Neither is the fare at Noodle Palace exclusively Vietnamese. It's more a mixture of dishes from Southeast Asia, especially Thailand. Here's pad Thai, and its culinary relative Pad Kee Moo ($8.95, 2 stars), a big plate of wide egg noodles with strips of tough, chewy beef drenched in a very spicy sauce.

Southern China figures in the mix as well, with the presence of seafood, chicken, pork, and beef chow fun on the menu, along with saut?d seafood crispy noodles. For something that more closely resembles a Western dinner, look over the 12 rice plates available with barbecued beef, pork or chicken with either shrimp or egg rolls, all of which are priced from $6.95 to $7.50. If thin, vermicelli-style noodles are more to your taste, the restaurant offers nine dinner plates with thin rice noodles, again with beef, pork or chicken accompanied by prawns or egg rolls, in the $6.95 to $7.45 range.

While there were many exotic dishes I'd never heard of listed on the whiteboard by the kitchen, I couldn't pass up Chicken on a Stick ($4.95, 3 stars), or as they are usually called, chicken satay. You get three skewers, but they are loaded with tender, juicy chicken thigh meat chunks dipped in sweet sauce and grilled, rather than the thin ribbons of white meat served as satay in many Asian restaurants.

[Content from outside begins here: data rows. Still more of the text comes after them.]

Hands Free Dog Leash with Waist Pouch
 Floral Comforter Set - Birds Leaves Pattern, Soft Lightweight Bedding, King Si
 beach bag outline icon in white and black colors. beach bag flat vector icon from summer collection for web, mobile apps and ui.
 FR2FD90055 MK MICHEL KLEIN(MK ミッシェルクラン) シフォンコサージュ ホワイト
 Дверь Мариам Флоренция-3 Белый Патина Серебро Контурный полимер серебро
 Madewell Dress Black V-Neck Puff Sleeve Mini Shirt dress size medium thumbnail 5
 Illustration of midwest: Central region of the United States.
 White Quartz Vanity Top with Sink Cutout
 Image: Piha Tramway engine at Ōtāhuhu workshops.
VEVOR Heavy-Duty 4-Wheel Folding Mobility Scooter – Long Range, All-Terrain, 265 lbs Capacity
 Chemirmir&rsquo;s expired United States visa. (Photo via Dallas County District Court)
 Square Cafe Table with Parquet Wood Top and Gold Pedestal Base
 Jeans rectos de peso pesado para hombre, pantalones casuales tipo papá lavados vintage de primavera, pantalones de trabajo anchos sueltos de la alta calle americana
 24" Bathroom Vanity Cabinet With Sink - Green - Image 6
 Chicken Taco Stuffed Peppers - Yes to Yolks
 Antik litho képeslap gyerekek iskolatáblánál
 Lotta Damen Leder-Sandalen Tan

One of the exotic specials on the whiteboard was Kow Piek ($6.50, 2? stars), a Laotian dish that translates as "wet rice." It can be made with rice or noodles. Here it was soft noodles and lots of them in a big bowl of yummy (if salty) pork broth. Big dark brown chunks of pork liver were mixed into the broth and noodles. The broth and noodles are the foundation; you add condiments as you wish. Besides basil, bean sprouts or jalapeno, each table also has a condiment tray of soy and fish sauces, Sriracha spicy red sauce, hoisin barbecue sauce, sugar, salt, pepper, and a squeeze bottle of fiery red sauce with no label.

The most expensive dish of the evening was Lard Nah ($10.95, 2 stars), a Thai-Cambodian wide, pan-fried, rice noodle dish, often made with beef or chicken, but made here with seafood and sliced vegetables served cold. It contained balls made of mashed fish along with shrimp, squid and fish slices.

Noodle Palace has just received its license to serve beer, but it's hard to beat the fresh lemonade made with club soda that seems to go so well with Southeast Asian food.

The service is quick and food is served with a smile, but speak clearly when ordering, as English is generally not the servers' first language. That, of course, only adds to the ambiance and insures that the dishes are authentic - although I'd venture a guess that in Southeast Asia, these dishes would be spicy hot. But that's why the fiery squeeze bottle is handy.

To sum up: Lots of good Asian food at more than reasonable prices.